• [Task item] Look at the data below and print exactly the lines from its first line through the line with "Kitchen view 1-newer"; the pictures stay out of the copy.

Stored data section start

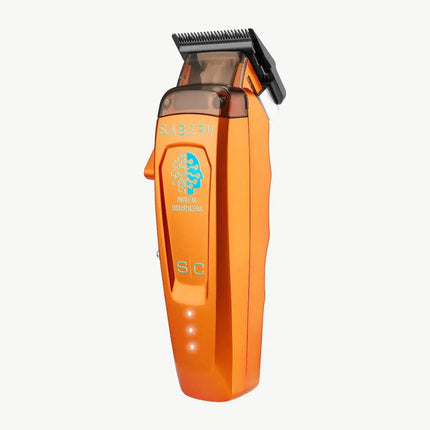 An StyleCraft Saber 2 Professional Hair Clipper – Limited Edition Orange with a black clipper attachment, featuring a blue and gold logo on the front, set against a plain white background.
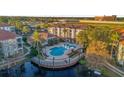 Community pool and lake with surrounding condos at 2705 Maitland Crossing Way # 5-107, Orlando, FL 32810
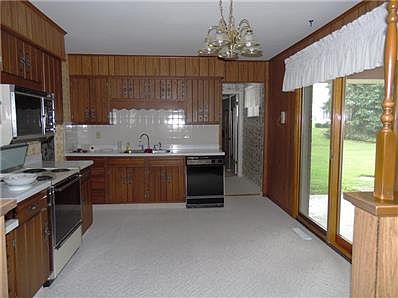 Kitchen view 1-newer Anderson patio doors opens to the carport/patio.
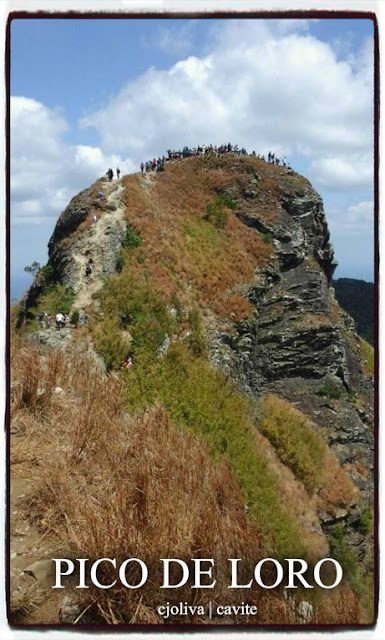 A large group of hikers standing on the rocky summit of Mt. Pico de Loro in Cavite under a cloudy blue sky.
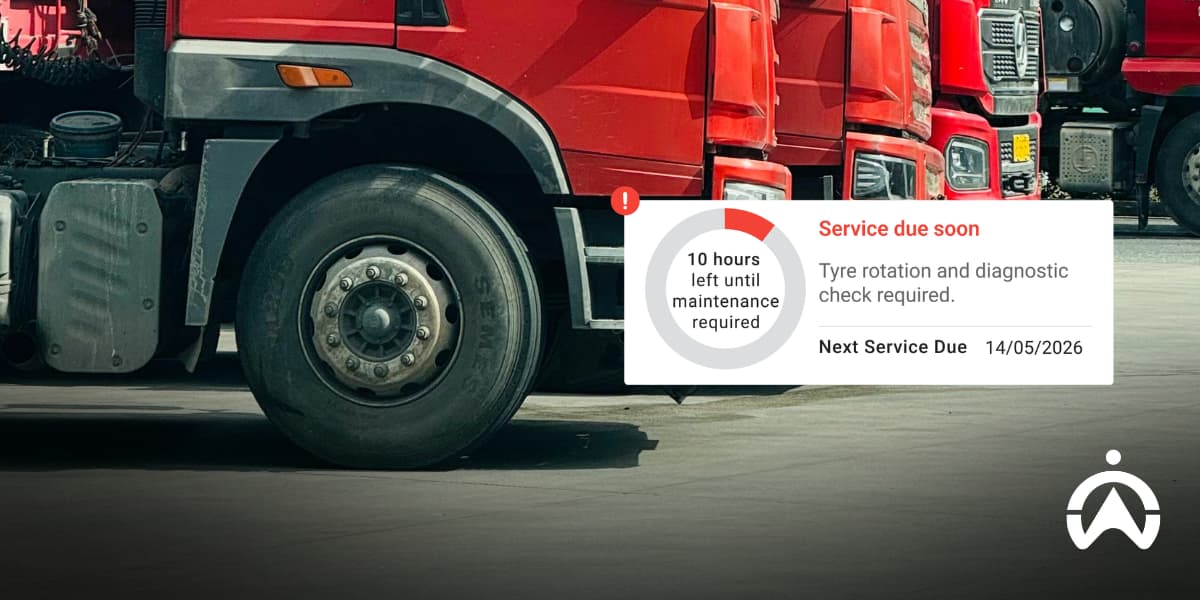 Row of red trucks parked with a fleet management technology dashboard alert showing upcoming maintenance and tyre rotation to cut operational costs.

Stored data section end

• [Problem solution]
 An StyleCraft Saber 2 Professional Hair Clipper – Limited Edition Orange with a black clipper attachment, featuring a blue and gold logo on the front, set against a plain white background.
 Community pool and lake with surrounding condos at 2705 Maitland Crossing Way # 5-107, Orlando, FL 32810
 Kitchen view 1-newer Anderson patio doors opens to the carport/patio.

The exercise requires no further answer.